Data entries
********************

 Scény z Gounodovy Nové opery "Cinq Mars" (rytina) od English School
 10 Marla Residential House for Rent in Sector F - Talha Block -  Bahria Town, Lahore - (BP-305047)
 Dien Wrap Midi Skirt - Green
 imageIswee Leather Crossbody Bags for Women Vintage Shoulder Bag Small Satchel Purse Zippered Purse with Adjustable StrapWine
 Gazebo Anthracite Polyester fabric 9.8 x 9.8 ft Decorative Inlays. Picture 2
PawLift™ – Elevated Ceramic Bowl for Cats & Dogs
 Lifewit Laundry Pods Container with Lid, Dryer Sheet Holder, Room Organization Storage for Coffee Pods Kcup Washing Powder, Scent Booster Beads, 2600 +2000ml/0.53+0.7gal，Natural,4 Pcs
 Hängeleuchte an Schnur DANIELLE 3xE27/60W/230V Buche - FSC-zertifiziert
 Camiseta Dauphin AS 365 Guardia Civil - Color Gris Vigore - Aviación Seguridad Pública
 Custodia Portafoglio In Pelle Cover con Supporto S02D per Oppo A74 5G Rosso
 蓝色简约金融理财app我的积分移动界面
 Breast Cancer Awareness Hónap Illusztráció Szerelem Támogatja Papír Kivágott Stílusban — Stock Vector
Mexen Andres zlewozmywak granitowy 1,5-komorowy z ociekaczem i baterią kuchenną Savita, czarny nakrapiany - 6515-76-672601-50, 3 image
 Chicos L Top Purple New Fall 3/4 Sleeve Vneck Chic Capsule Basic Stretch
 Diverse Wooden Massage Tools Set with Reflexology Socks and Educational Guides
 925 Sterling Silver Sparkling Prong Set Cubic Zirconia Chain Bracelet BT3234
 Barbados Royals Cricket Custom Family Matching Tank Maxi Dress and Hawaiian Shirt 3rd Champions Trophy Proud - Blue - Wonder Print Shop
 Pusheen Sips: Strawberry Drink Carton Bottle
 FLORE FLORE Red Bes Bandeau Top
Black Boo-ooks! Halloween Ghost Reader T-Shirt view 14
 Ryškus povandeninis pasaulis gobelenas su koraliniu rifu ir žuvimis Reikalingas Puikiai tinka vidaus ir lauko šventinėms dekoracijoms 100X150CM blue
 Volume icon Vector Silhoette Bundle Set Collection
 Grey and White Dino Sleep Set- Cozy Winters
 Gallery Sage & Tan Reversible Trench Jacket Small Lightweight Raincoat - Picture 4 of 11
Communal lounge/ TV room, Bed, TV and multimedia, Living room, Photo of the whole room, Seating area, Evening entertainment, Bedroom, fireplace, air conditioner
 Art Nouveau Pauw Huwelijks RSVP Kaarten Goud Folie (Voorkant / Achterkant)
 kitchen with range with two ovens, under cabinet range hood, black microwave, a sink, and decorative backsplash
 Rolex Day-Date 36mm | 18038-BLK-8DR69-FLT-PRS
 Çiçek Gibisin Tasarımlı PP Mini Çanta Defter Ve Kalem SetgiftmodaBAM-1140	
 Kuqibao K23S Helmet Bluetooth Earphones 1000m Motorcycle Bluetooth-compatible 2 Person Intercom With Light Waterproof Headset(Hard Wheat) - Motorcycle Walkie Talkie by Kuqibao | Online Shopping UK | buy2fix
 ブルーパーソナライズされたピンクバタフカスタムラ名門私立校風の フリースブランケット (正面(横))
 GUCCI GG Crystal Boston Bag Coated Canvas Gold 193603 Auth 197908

********************

→ **Work required**
Which lines of the data include "Vector"? Copy each of them.

→ **Response**
 Breast Cancer Awareness Hónap Illusztráció Szerelem Támogatja Papír Kivágott Stílusban — Stock Vector
 Volume icon Vector Silhoette Bundle Set Collection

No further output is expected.